[Available data]
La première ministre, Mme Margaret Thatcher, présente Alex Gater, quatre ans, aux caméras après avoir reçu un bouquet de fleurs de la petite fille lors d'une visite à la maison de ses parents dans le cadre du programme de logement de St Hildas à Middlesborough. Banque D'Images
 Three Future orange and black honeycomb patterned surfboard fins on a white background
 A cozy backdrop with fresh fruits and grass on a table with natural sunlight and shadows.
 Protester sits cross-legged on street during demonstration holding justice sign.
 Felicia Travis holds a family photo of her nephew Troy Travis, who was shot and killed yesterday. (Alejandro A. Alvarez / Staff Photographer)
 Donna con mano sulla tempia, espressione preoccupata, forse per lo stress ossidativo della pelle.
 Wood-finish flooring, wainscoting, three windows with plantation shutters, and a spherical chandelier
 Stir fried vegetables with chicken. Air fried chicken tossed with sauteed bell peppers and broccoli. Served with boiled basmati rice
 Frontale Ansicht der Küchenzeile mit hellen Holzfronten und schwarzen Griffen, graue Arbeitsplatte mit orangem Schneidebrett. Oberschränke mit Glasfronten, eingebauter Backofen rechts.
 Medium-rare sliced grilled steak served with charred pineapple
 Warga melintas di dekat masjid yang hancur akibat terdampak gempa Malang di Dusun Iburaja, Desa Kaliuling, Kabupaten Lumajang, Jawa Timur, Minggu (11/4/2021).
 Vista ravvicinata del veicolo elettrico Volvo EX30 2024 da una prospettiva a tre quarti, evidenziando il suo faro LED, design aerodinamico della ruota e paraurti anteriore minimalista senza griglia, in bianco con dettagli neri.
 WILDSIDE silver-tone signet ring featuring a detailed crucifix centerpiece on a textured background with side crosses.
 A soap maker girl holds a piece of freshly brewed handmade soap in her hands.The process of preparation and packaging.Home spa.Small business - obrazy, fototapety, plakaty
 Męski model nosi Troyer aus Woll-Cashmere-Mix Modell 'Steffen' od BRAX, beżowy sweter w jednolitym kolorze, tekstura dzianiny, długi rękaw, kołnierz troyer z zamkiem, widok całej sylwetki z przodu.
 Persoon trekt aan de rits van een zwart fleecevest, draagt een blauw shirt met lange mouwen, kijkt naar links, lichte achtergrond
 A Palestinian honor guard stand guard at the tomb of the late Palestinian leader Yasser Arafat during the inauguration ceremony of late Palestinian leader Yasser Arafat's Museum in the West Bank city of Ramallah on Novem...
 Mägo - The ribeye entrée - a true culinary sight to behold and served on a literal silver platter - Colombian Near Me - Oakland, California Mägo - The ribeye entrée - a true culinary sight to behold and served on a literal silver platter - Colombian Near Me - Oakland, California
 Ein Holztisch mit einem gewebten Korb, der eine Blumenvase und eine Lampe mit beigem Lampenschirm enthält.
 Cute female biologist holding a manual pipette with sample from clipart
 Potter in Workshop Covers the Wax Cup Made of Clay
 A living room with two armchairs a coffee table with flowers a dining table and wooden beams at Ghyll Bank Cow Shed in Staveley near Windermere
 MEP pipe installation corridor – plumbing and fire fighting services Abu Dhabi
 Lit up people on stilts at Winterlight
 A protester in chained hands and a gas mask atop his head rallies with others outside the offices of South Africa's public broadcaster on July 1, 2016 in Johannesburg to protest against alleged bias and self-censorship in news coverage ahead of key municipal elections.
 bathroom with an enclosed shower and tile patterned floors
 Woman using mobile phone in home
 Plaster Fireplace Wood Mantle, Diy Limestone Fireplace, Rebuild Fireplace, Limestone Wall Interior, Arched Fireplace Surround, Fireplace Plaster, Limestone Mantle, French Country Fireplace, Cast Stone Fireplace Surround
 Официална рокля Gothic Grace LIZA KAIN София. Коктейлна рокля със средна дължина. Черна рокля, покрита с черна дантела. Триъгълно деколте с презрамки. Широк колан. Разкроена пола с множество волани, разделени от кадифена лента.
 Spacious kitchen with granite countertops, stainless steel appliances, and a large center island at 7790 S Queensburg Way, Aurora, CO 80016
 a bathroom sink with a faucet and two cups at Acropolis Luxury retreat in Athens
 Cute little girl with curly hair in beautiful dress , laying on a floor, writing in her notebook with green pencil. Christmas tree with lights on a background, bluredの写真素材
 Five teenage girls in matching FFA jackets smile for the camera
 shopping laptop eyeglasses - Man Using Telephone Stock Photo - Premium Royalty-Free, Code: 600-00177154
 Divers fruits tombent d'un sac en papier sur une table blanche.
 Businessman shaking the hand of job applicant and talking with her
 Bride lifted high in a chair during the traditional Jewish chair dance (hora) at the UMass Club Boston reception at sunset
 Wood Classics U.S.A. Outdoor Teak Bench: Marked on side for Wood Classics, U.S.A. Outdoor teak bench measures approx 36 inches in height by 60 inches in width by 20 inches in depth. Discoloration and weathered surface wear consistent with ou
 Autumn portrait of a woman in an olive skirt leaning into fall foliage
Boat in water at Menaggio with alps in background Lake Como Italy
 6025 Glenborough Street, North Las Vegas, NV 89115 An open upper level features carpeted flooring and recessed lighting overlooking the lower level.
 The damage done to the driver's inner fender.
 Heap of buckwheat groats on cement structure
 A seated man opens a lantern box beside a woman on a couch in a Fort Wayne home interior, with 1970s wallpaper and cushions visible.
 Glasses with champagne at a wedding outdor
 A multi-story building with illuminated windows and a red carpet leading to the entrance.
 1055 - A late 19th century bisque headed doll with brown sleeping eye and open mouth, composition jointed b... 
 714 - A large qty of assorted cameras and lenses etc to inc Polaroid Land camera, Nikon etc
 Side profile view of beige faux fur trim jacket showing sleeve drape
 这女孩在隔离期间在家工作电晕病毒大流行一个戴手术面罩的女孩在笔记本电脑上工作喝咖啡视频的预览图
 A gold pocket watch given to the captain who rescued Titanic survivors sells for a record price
[/Available data]
#### Directions
From the line that has "Męski model nosi" through the line that has "A Palestinian honor", copy every line exactly as it appears above, and leave out all others.

#### Response below
 Męski model nosi Troyer aus Woll-Cashmere-Mix Modell 'Steffen' od BRAX, beżowy sweter w jednolitym kolorze, tekstura dzianiny, długi rękaw, kołnierz troyer z zamkiem, widok całej sylwetki z przodu.
 Persoon trekt aan de rits van een zwart fleecevest, draagt een blauw shirt met lange mouwen, kijkt naar links, lichte achtergrond
 A Palestinian honor guard stand guard at the tomb of the late Palestinian leader Yasser Arafat during the inauguration ceremony of late Palestinian leader Yasser Arafat's Museum in the West Bank city of Ramallah on Novem...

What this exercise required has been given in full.